*** Begin section ***
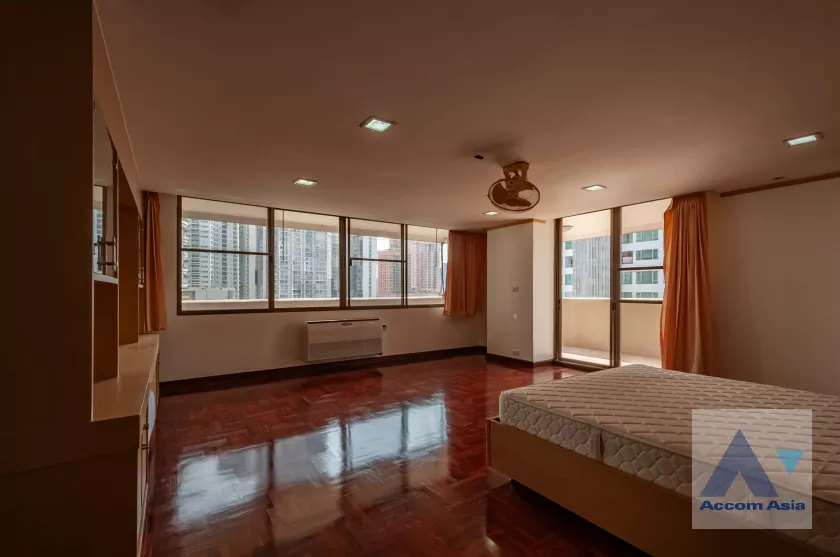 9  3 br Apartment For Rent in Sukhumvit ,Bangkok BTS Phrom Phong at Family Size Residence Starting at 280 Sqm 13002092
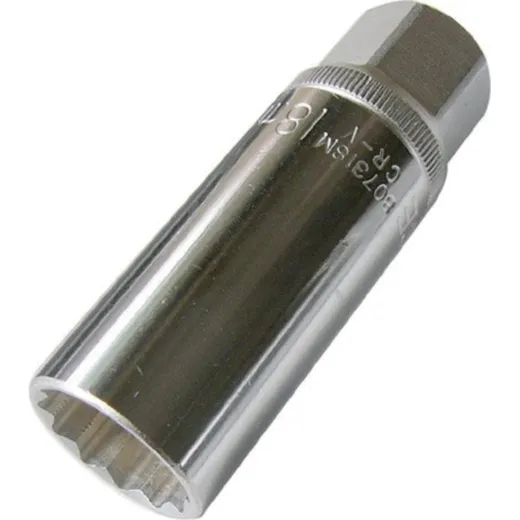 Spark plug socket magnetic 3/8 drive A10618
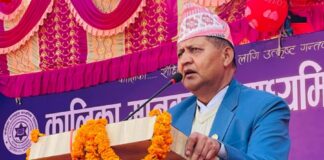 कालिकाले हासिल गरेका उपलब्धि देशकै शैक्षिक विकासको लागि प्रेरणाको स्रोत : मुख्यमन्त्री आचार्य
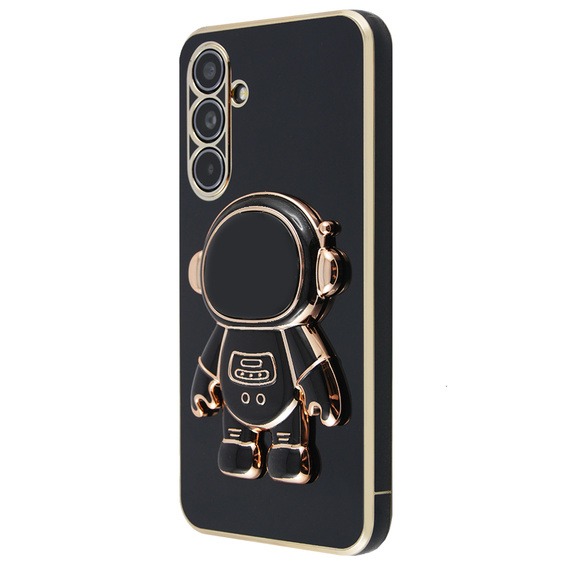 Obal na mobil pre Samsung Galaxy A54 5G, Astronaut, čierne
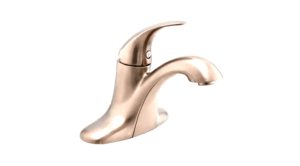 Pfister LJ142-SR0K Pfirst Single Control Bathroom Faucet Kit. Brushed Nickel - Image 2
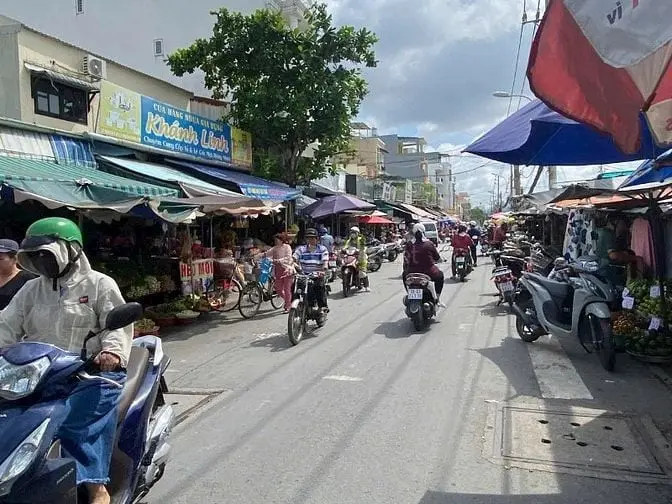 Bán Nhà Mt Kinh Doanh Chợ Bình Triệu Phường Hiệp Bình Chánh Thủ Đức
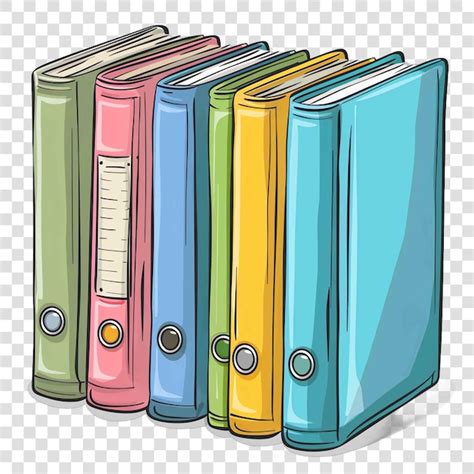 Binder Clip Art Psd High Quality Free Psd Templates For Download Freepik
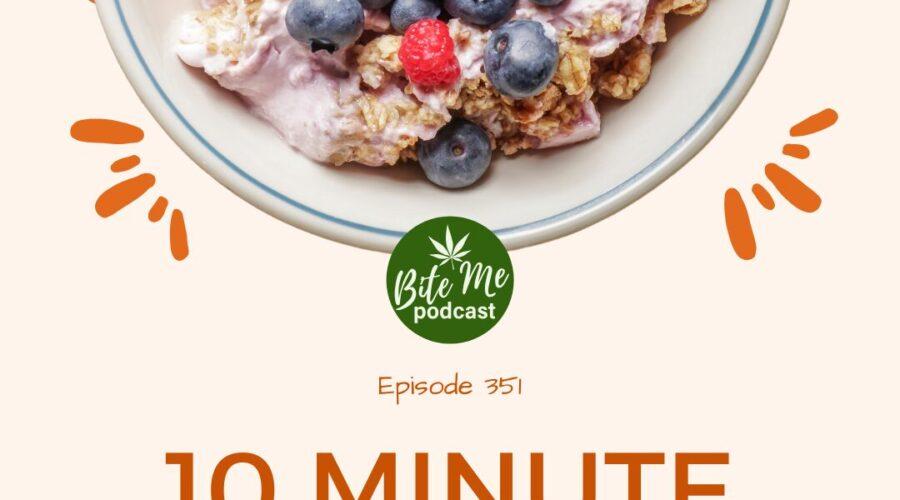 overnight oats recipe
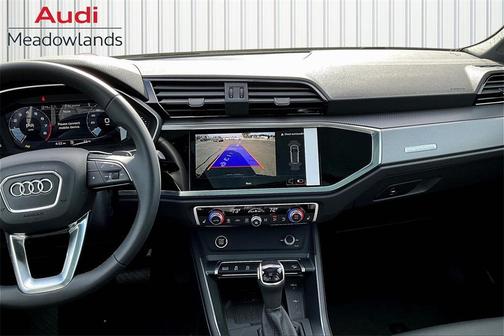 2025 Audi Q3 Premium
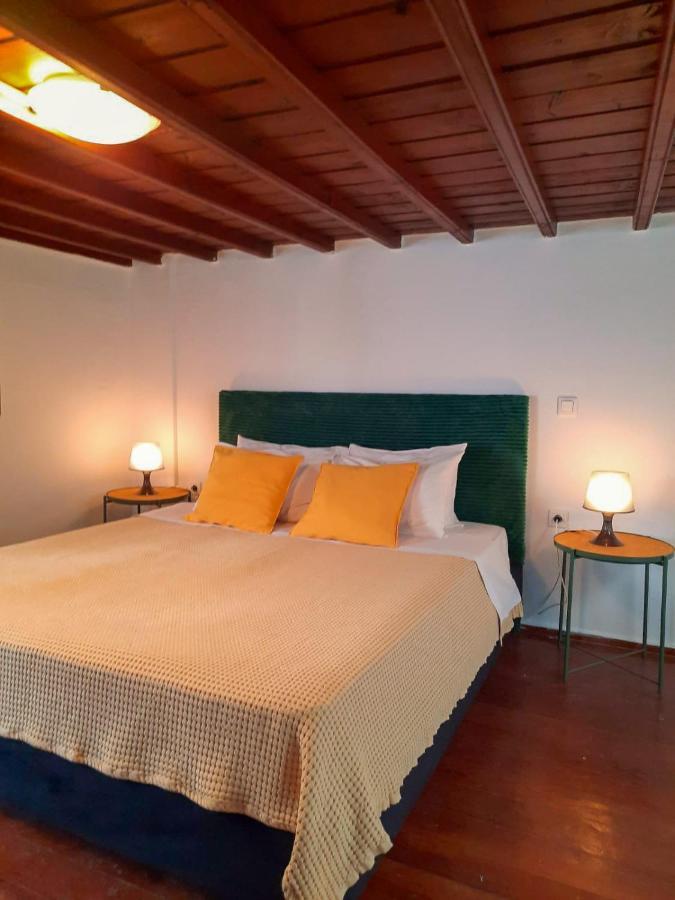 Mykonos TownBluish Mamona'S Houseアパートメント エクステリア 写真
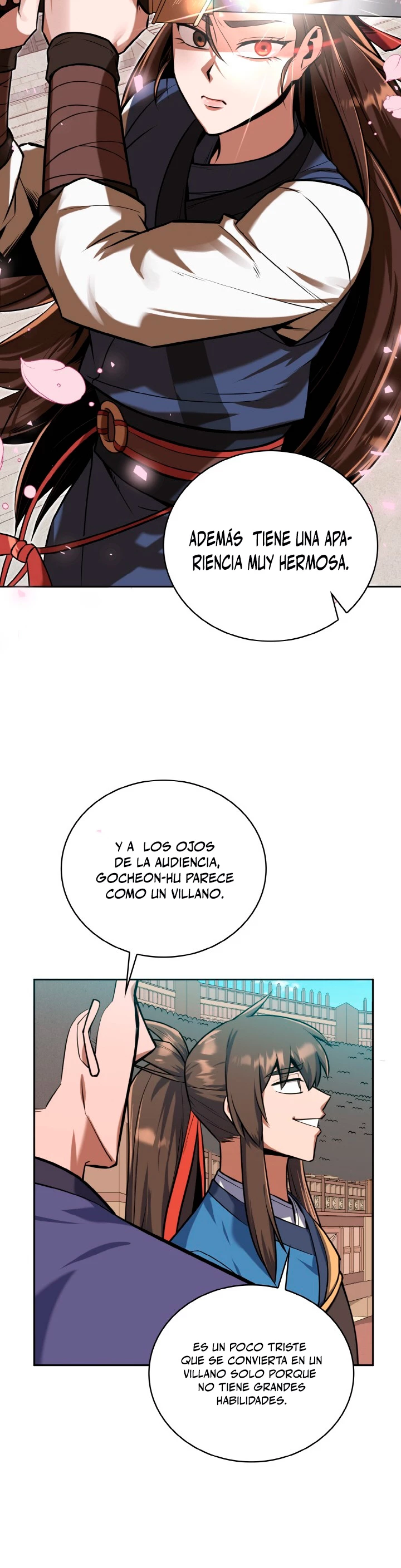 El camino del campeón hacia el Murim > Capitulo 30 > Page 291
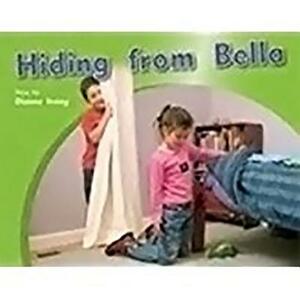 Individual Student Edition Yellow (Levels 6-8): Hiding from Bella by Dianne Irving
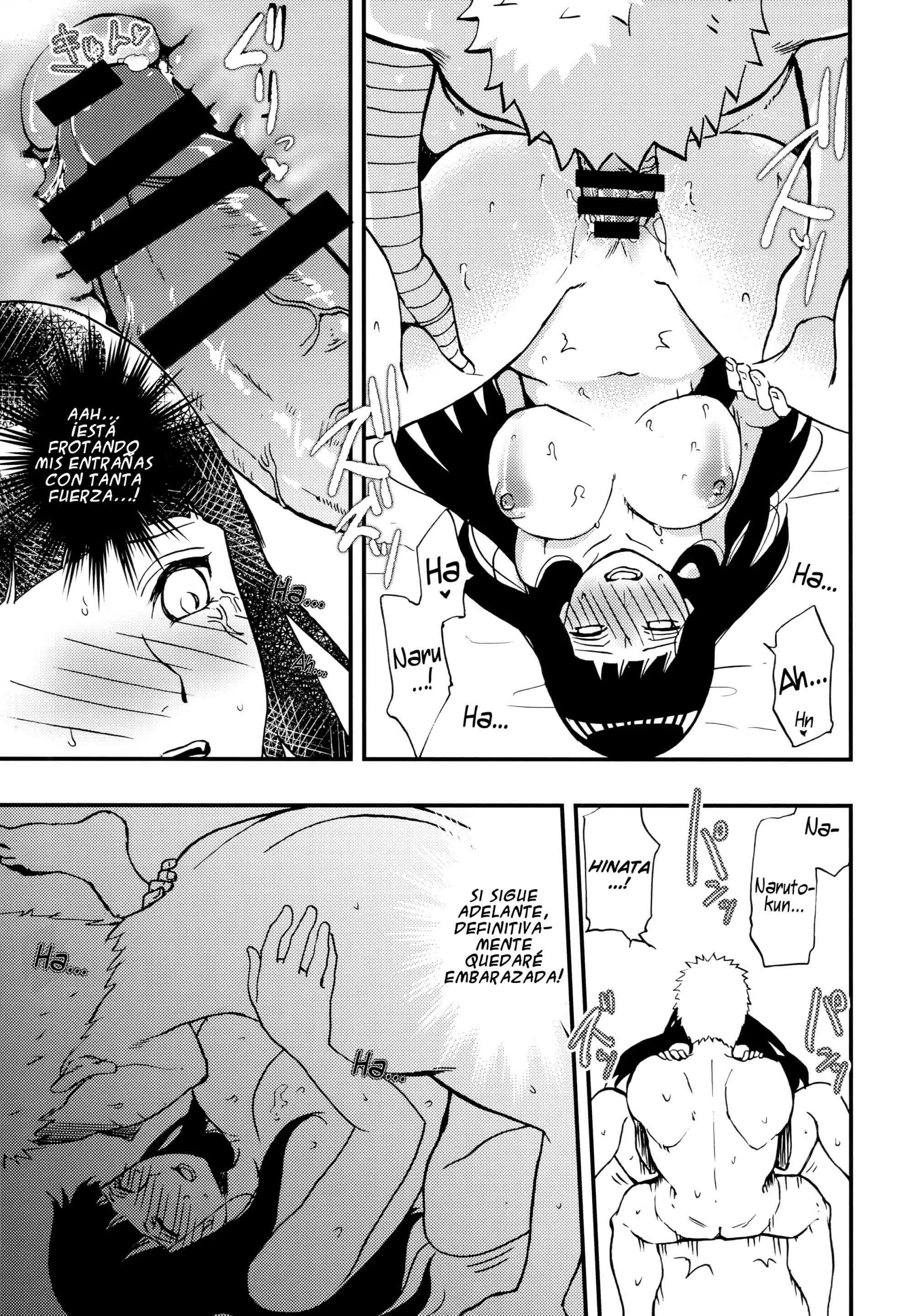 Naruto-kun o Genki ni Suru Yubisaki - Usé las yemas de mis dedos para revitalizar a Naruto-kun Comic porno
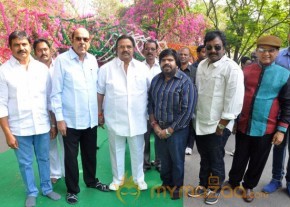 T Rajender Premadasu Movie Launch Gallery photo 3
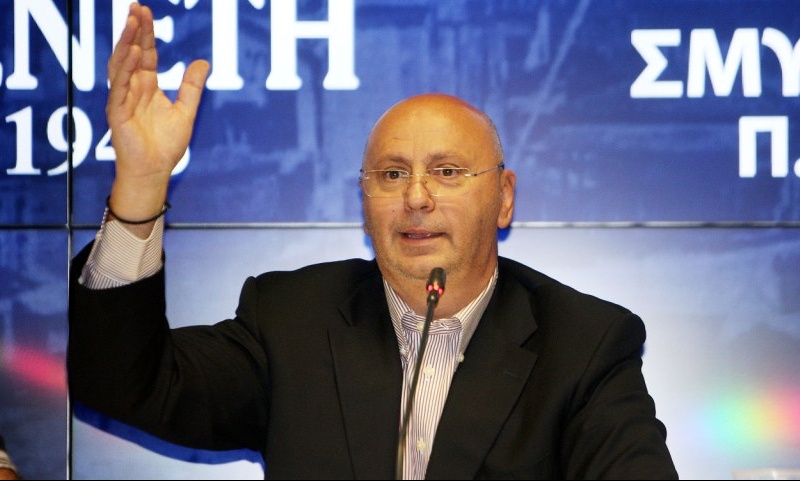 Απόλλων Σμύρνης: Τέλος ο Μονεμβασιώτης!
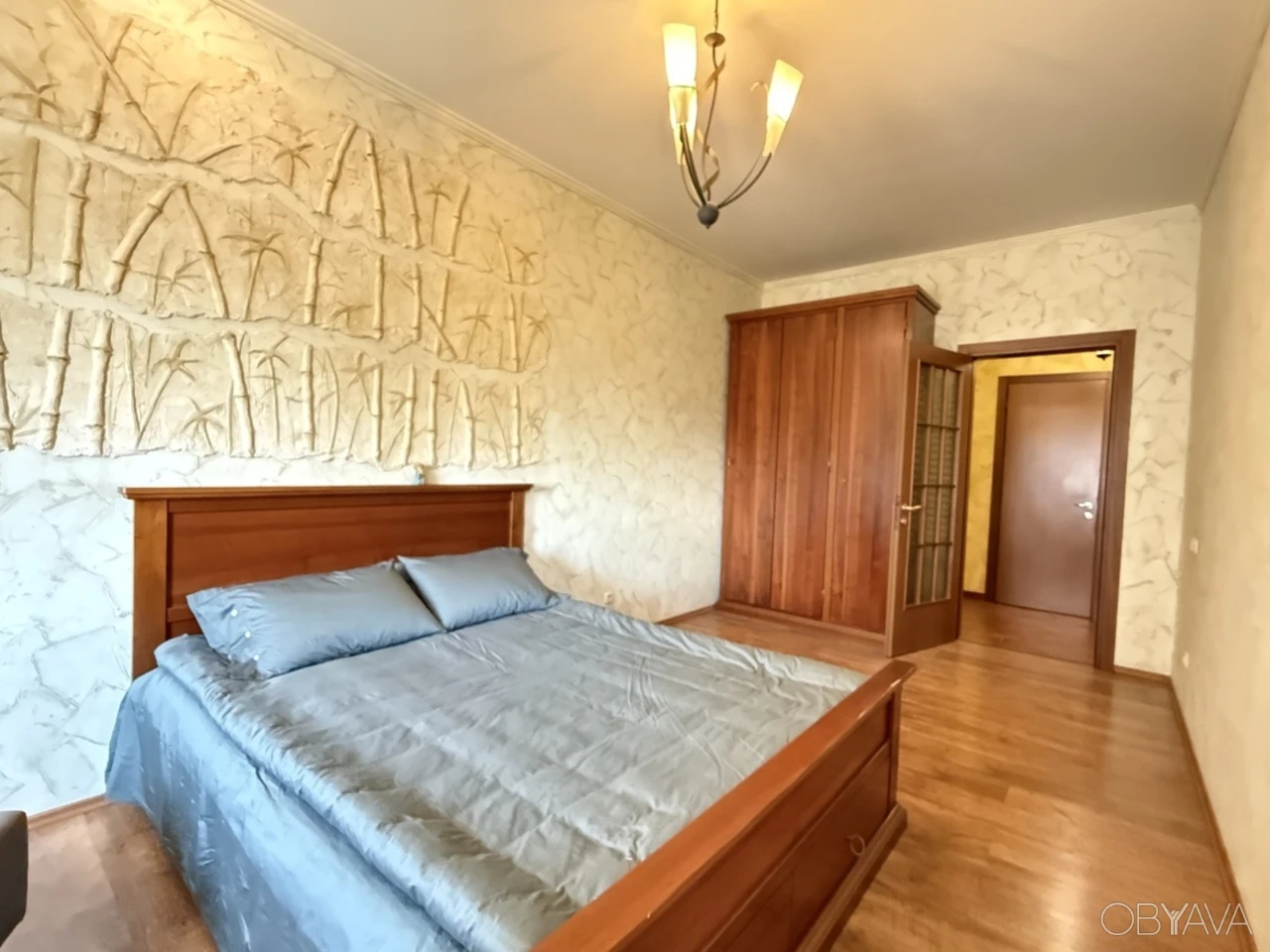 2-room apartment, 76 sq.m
*** End section ***
# Task prompt
Leaving every picture aside, repeat the listing exactly.

# Problem solution
 9  3 br Apartment For Rent in Sukhumvit ,Bangkok BTS Phrom Phong at Family Size Residence Starting at 280 Sqm 13002092
 Spark plug socket magnetic 3/8 drive A10618
 कालिकाले हासिल गरेका उपलब्धि देशकै शैक्षिक विकासको लागि प्रेरणाको स्रोत : मुख्यमन्त्री आचार्य
 Obal na mobil pre Samsung Galaxy A54 5G, Astronaut, čierne
 Pfister LJ142-SR0K Pfirst Single Control Bathroom Faucet Kit. Brushed Nickel - Image 2
 Bán Nhà Mt Kinh Doanh Chợ Bình Triệu Phường Hiệp Bình Chánh Thủ Đức
 Binder Clip Art Psd High Quality Free Psd Templates For Download Freepik
 overnight oats recipe
 2025 Audi Q3 Premium
 Mykonos TownBluish Mamona'S Houseアパートメント エクステリア 写真
 El camino del campeón hacia el Murim > Capitulo 30 > Page 291
 Individual Student Edition Yellow (Levels 6-8): Hiding from Bella by Dianne Irving
 Naruto-kun o Genki ni Suru Yubisaki - Usé las yemas de mis dedos para revitalizar a Naruto-kun Comic porno
 T Rajender Premadasu Movie Launch Gallery photo 3
 Απόλλων Σμύρνης: Τέλος ο Μονεμβασιώτης!
 2-room apartment, 76 sq.m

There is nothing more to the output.